_SOURCE MATERIAL_.
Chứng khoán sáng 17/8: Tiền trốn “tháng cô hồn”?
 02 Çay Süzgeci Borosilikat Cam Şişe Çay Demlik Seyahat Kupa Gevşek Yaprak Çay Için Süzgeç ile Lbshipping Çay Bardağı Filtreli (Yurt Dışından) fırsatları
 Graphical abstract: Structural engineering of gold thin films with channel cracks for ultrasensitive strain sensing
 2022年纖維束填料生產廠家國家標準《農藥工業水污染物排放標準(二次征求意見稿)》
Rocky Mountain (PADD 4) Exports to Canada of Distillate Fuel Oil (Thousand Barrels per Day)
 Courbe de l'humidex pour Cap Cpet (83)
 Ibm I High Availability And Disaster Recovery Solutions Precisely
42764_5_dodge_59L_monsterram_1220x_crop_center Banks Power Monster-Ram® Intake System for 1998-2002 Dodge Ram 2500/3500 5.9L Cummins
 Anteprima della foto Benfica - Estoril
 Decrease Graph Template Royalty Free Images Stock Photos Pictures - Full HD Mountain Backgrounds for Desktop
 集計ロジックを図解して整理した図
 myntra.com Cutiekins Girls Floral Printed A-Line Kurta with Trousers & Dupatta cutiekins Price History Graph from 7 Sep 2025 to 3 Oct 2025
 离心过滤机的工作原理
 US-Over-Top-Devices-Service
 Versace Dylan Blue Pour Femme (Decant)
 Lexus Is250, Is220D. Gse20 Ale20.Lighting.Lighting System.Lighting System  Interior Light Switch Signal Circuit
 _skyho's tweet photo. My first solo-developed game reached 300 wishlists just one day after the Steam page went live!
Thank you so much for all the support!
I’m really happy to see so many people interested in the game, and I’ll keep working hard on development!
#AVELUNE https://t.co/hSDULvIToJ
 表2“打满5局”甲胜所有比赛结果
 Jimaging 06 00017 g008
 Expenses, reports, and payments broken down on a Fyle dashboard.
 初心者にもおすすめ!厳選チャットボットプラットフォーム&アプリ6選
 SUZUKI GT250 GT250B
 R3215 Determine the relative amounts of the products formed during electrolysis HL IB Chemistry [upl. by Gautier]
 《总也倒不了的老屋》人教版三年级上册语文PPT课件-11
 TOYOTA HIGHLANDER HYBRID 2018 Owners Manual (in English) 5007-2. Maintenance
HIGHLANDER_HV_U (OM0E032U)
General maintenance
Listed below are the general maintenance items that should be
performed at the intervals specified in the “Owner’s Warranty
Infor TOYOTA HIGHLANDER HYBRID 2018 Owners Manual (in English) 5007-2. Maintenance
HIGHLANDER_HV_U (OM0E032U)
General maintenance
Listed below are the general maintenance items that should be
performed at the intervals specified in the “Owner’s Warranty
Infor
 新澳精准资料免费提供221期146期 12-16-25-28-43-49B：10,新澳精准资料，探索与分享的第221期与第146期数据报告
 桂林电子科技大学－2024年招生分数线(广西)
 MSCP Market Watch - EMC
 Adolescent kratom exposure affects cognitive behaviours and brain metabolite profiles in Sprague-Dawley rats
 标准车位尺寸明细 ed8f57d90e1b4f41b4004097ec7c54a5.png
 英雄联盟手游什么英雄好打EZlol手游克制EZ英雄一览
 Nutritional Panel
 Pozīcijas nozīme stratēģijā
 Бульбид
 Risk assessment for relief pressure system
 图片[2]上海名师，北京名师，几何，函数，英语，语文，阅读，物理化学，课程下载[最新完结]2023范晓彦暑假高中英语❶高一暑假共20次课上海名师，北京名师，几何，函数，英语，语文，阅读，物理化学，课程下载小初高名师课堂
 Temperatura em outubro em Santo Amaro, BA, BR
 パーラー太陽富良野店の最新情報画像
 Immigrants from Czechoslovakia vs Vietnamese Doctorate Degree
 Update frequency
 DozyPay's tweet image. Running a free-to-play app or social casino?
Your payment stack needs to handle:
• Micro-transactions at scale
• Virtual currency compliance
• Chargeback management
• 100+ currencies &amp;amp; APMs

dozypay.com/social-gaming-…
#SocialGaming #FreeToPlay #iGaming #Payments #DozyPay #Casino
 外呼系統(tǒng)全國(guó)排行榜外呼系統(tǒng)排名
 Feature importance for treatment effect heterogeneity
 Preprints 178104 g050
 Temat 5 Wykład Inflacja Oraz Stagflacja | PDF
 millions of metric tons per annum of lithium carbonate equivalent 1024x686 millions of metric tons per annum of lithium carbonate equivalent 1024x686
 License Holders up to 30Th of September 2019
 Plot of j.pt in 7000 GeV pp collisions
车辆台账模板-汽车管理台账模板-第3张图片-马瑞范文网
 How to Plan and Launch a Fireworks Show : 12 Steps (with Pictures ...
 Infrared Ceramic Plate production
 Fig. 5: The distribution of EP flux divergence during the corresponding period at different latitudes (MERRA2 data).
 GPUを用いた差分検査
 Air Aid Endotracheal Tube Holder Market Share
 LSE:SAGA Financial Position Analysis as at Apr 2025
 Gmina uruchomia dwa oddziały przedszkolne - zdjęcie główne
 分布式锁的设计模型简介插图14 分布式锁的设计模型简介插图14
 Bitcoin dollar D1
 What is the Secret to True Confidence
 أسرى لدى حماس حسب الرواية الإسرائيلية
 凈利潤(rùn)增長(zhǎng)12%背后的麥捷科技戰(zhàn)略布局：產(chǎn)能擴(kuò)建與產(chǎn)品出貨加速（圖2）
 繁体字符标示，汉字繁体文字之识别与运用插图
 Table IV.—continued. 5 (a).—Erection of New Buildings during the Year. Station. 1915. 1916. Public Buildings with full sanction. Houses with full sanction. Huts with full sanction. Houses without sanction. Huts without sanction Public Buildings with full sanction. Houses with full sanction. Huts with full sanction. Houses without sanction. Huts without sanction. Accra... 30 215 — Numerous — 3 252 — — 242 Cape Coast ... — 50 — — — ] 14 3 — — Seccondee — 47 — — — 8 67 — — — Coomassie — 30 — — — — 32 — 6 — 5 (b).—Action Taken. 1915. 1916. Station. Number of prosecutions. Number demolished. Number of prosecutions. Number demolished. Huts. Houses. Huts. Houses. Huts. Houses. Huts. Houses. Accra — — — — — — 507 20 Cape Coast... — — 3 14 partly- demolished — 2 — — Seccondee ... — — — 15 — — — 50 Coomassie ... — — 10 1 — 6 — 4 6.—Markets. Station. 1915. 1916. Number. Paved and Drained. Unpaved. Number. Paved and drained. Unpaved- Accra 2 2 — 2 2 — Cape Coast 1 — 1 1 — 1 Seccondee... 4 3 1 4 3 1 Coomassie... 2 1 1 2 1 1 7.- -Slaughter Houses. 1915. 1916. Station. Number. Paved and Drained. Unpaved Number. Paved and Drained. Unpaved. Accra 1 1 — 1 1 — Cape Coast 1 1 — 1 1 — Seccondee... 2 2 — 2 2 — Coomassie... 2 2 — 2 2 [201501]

_TASK DIRECTIONS_. Would you print exactly, and only, the lines of the data above from the line with "Feature importance for" through the line with "LSE:SAGA Financial Position", inclusive?

_TASK SOLUTION_.
 Feature importance for treatment effect heterogeneity
 Preprints 178104 g050
 Temat 5 Wykład Inflacja Oraz Stagflacja | PDF
 millions of metric tons per annum of lithium carbonate equivalent 1024x686 millions of metric tons per annum of lithium carbonate equivalent 1024x686
 License Holders up to 30Th of September 2019
 Plot of j.pt in 7000 GeV pp collisions
车辆台账模板-汽车管理台账模板-第3张图片-马瑞范文网
 How to Plan and Launch a Fireworks Show : 12 Steps (with Pictures ...
 Infrared Ceramic Plate production
 Fig. 5: The distribution of EP flux divergence during the corresponding period at different latitudes (MERRA2 data).
 GPUを用いた差分検査
 Air Aid Endotracheal Tube Holder Market Share
 LSE:SAGA Financial Position Analysis as at Apr 2025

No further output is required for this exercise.